11 septembre 2011
[Commémoration à reculons —
Destruction des Halles de Paris.]

Il y a 40 ans, en plein été 1971, les douze pavillons Baltard (édifiés là sur ordre de Napoléon III un siècle auparavant) s’effondraient sous les premiers coups de boutoir des pelleteuses.

Face aux critiques, le maître d’œuvre de cette destruction, Georges Pompidou, rejouait la querelle des anciens contre les modernes, mais à front renversé. Lui, le néo-gaulliste iconoclaste, voulait inventer, anticiper, créer du neuf, tandis que ses opposants de tous bords se retrouvaient confinés dans une posture conservatrice, un passéisme stérile. Et puisque, depuis 1969, les activités du marché alimentaire avaient été transférées à Rungis, à quoi pouvait bien servir ces bâtiments fantoches ? Autant mettre à bas ces « parapluies » désormais inutiles. D’où ce charcutage estival du ventre de Paris, suivi d’un monumental trou, jusqu’à l’inauguration du Forum des Halles en 1979.

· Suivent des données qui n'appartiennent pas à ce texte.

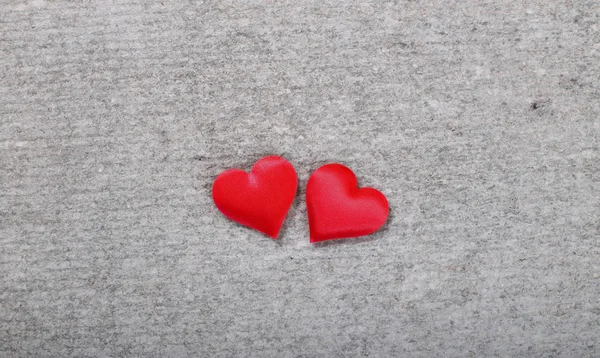 Two red hearts on a gray background — Stock Photo, Image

À force de se focaliser sur la controverse architecturale de l’époque – défense aveugle du patrimoine versus réalisation de projets innovants –, on en oublierait presque que ce coup de force marque le début de la gentrification du centre ville parisien. Une fois les Halles détruites, de brutales opérations immobilières se sont enchaînent dans les arrondissements limitrophes, avec pour conséquence un nettoyage social du quartier et un exode massif des plus pauvres vers des banlieues lointaines.

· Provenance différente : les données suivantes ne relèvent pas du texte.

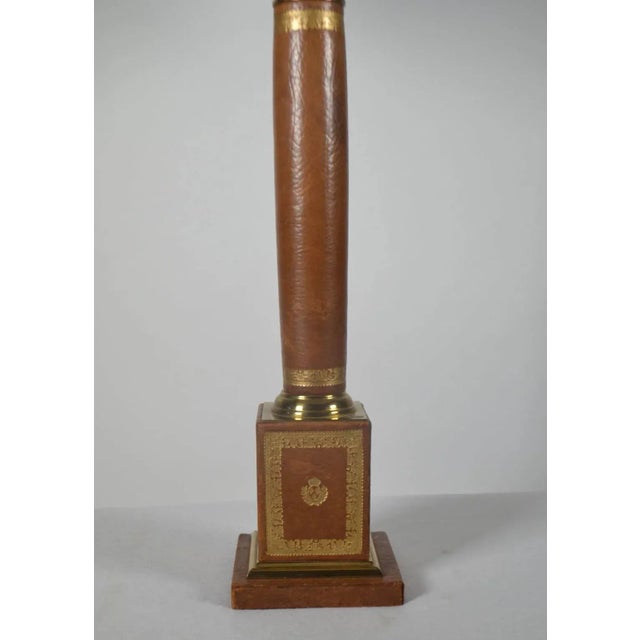 Empire Style brass-mounted Tooled Leather Table Lamp, 20th century columnar standard on pedestal with guilloche gilt...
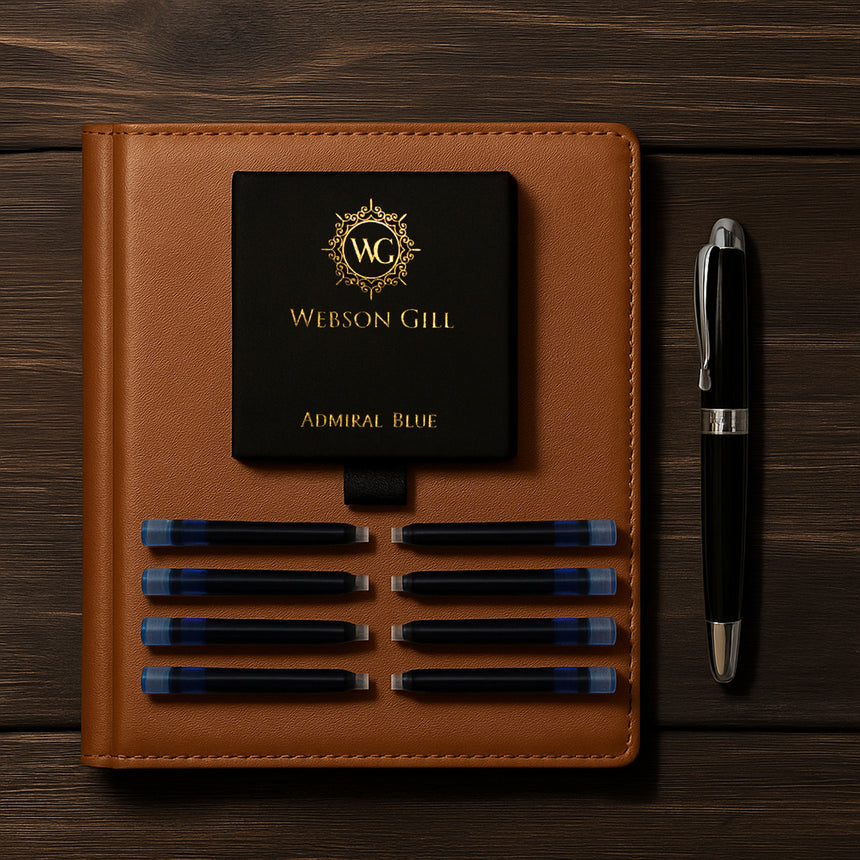 A leather notebook, Ink Refill Cartridge - Instant Insert for Webson Gill Fountain Pens (Blue Ink), a smudge-free black fountain pen, and a Webson Gill box labeled "Admiral Blue" arranged on wood.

Mais s’il fallait se dépêcher de faire place nette, c’est aussi parce que ces hangars désaffectés étaient devenus, dans l’après 68, un épicentre contre-culturel au cœur de la capitale, un lieu de théâtre sauvage, de concerts alternatifs (celui de Sun Ra dispersé par la police en novembre 70) et de squats parfois politiques (à l’initiative du Front de Libération de la Jeunesse), un abcès de fixation qui inquiétait les autorités, bref un mélange détonnant entre «classes dangereuses» et chienlit étudiante, où voisinaient prolos du coin, baba-cool hirsutes, tapineuses de trottoir, noctambules encanaillés et bande de loubards.

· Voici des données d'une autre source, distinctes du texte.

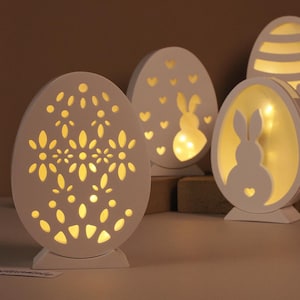 Może przedstawiać: Kolekcja białych, dekoracyjnych świateł w kształcie jajek. Każde jajko ma wycięte wzory, w tym wzory kwiatowe, serca i sylwetki królików. Światła emitują ciepłą, zachęcającą poświatę, idealną na Wielkanoc lub wiosenną dekorację.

Cette réappropriation festive de l’espace urbain faisait mauvais genre, et peut-être tache d’huile. Il fallait étouffer dans l’œuf ce foyer de contestation au grand air. Et renvoyer toutes les marges à de plus invisibles périphéries. Sur place, chantier oblige, un grand trou de mémoire ferait table rase, avant d’y édifier la seule utopie urbaine qui vaille désormais, un centre commercial.